Plus, if you’ve ever wondered what Detective McNulty dancing with Dolores Umbridge might look like, Pride has got that sorted too.

* Hedwig and the Angry Inch was a treat to see as a midnight singalong, especially so soon after it was a movie of the week at The Dissolve. Here, have some links full of Hedwig thinky thoughts by smarter people: day one, day two, and day three.

* Dual was a bit of an impulsive choice, and it was oversold by a program book comparison to my beloved Before Sunrise. When Iben’s flight is cancelled, she easily convinces Tina to kick around town overnight. Both actresses are appealing, but the film is full of moments that would never happen and decisions that real people would never make. All of this is summed up in a scene where they play with a box full of kittens mysteriously left in a boxcar because the plot demanded it be so and for no other apparent reason. Cute in places, but wholly unbelievable, and not in a Hollywood trope sort of way.

* In the Turn is a tricky one. It’s a documentary about…ah. Therein lies the issue. It’s sort of a documentary about the Vagine Regime, a loosely affiliated worldwide group of queer & queer-friendly roller derby folks, and it seems as if they decided to start shooting a documentary and hoped a story would emerge in editing. Sometimes that works, but this time it didn’t so much.

However, it’s an important piece because it amplifies the voices of multiple transgender people, including a young trans girl. Far too often in this sort of thing there’s a token trans voice (if even that!), but In the Turn includes several trans voices and thus several trans stories, and that has huge value.

* The Closing Night film, Life Partners is what happens to an intense friendship when one person in it acquires a serious partner. Starring Leighton Meester, Gillian Jacobs, and Adam Brody, it was cute enough, but Frances Ha did the same thing but better (Oh, I hear you say, but Frances Ha wasn’t a queer movie, to which I reply, that’s only because you haven’t seen it with me). Life Partners also totally wasted Gabourey Sidibe, not giving her anything to do other than deliver one liners over a Bloody Mary.
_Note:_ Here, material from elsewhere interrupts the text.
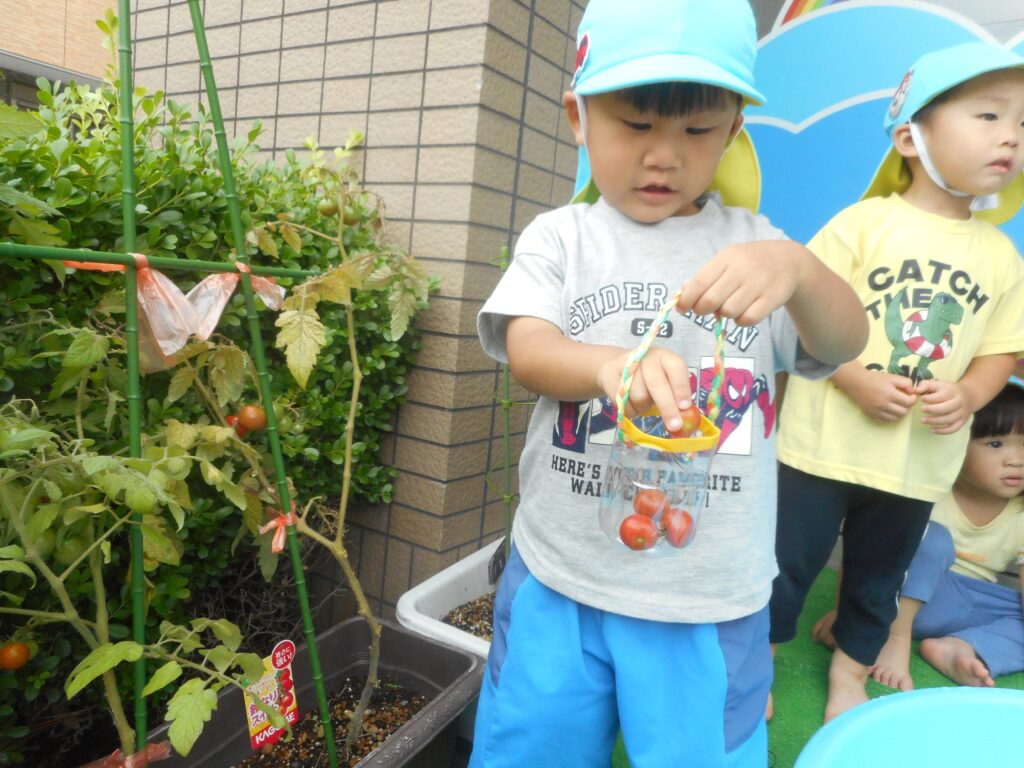 保育園でプチトマトの収穫体験 大阪 くじら保育園 202607-4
It certainly had some moments that rang true, and I appreciated the fact that, like in Bridesmaids there’s never a question if the guy is right for the girl. Adam Brody is much more appealing (to me, anyway) than Dougie was, but the point of both films is the inevitable changing relationship between the girls. I’m a sucker for that story, because I wind up living it over and over again, and eventually I’d like to learn to live it better.

As a bonus, there were two films in the program which I saw when they screened at SIFF earlier in the year.

* The Circle is another of those films which I’m not sure is entirely successful, blending as it does documentary footage and re-enactment. However, it tells an important story about early queer activism via a 1950s gay rights organization in Zurich, and the present day interview footage of a couple who met through the group is utterly charming.

* And speaking of charming, The Way He Looks charmed my socks right off. It’s a Brazilian coming-of-age movie about Leonardo, a blind teenager who is trying to navigate his relationships with his overprotective family and his best friend as he’s yearning for a bit more freedom. This all gets more challenging when a new student joins their class. I’m always all in for a good boy-girl friendship, plus the honest portrayal of how a new relationship, no matter how great it is, can be painful for the one suddenly on the outside. As we saw above. It’s a theme.

While I’m at it, here are the other queer films I’ve loved this year that I can remember at the moment: Lilting (a quietly beautiful cross-culture film about grief, a new sort of coming out story in the vein of Undertow), The Skeleton Twins (obviously), Love Is Strange, and the Swedish miniseries Never Wipe Tears Without Gloves. Lotsa boy movies. That’s just the way it is, unfortunately. The closest thing to a girl movie is probably Obvious Child, but I definitely recommend that too.